Read The Fate Of Nations: F.I.R.E. Team Alpha: Book One Online
Authors: Ray Chilensky
“The other deaths were incidental and served to make killing Carter and Williams look like more fortunes of war,” the younger man said defensively. “At least Carter's wife is dead. I caused him pain."
In his younger days, Arthur Pope might have struck his son for making such an idiotic statement. "There was no reason to kill Carter's wife. Only fools kill for no reason, Richard," he said.
The younger man stiffened in his seat. "If I'd have killed Carter, and left her alive, she would have killed me on sight. I knew her; she wouldn't have filed charges or cared about proof. She would have acted."
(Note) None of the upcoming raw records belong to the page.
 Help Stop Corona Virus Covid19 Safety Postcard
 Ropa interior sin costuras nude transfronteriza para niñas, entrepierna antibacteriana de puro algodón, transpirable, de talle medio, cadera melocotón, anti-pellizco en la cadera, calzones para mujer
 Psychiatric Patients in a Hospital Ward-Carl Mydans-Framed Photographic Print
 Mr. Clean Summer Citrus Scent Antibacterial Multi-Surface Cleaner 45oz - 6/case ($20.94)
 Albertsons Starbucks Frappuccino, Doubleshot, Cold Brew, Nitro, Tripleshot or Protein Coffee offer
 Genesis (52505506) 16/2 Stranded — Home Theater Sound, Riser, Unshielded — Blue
The elder Pope let out a long breath that seemed to be comprised of physically incarnated disappointment in his son. "More fear," he said. "Carter is a career special warfare combat veteran, who may well be the best soldier of his generation. Until now, he was only seeking to avenge a betrayed friend. Now, thanks to this idiotic blunder of yours, he is also an avenging husband. Have I taught you nothing over the years?"
Richard Pope leaned toward his father. “I didn’t know about that C-190 gunship, Hicks and Carter went around me when they added it to the extraction force. If it weren’t for that, Carter and Williams would be dead along with Carter’s wife.”
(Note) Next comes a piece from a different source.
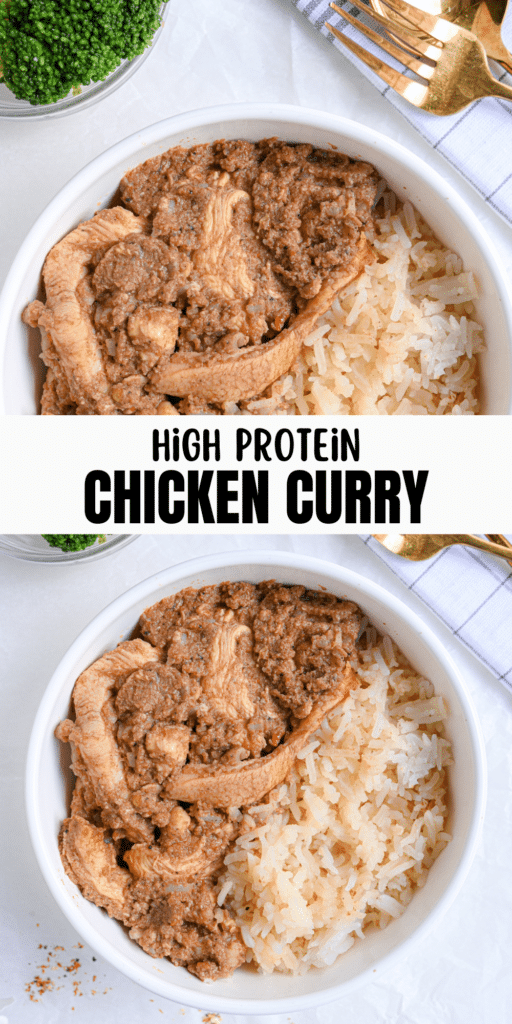 High Protein Chicken Curry for Pinterest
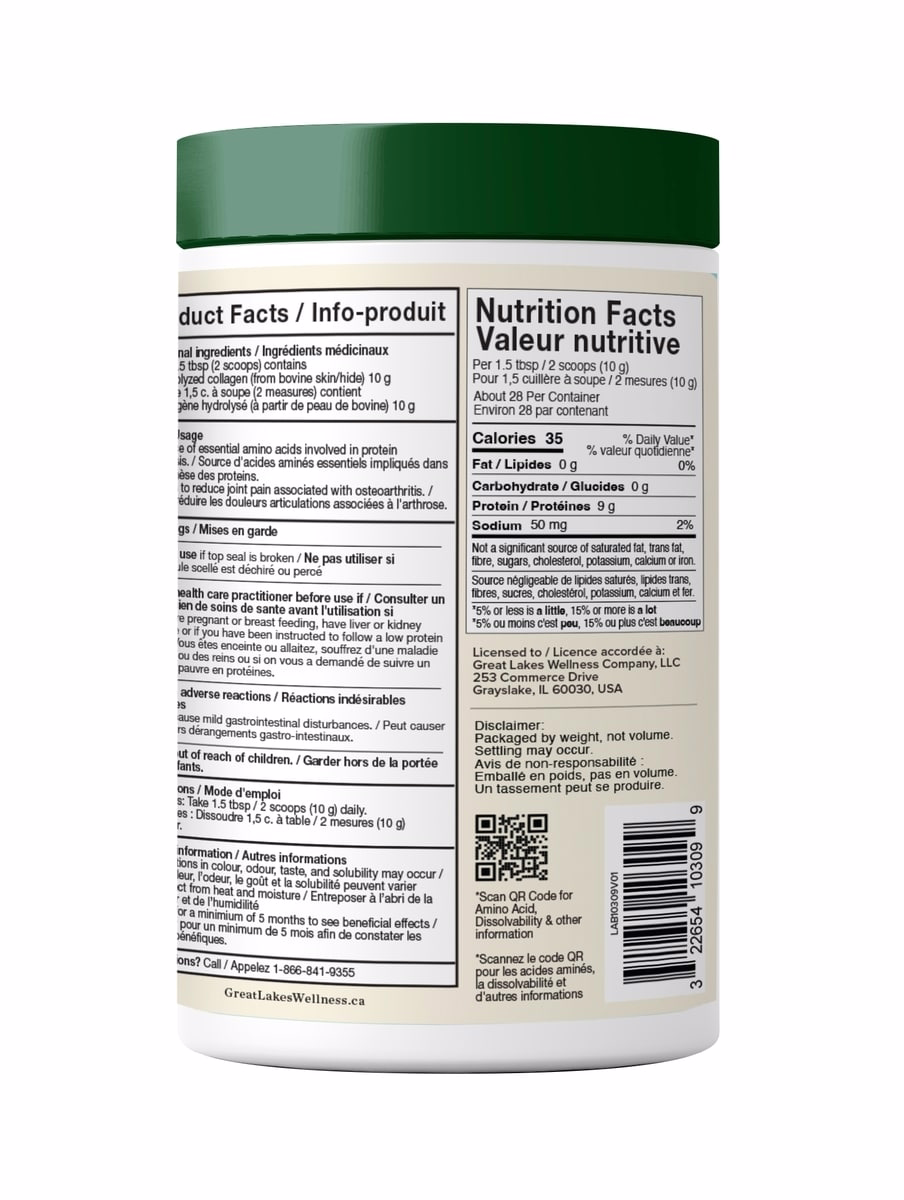 Bovine Collagen Peptides Unflavoured Bovine Collagen Peptides Unflavoured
“General Hicks and Colonel Carter are not idiots,” Pope’s father said. “They anticipated your move, and countered it.”
“What should I do, now?” the younger man asked.
“Stay away from Carter and the FIRE teams,” Arthur Pope replied. “Whatever you do, stay away from their telepaths. It was a risk for either of us to be near them at the celebration tonight, but all of the politicians and intelligence officials that were present had their own psychics there to prevent any unauthorized telepathic activity, so we should be safe.”
“Do you have your own psychics, Father?” the younger Pope asked.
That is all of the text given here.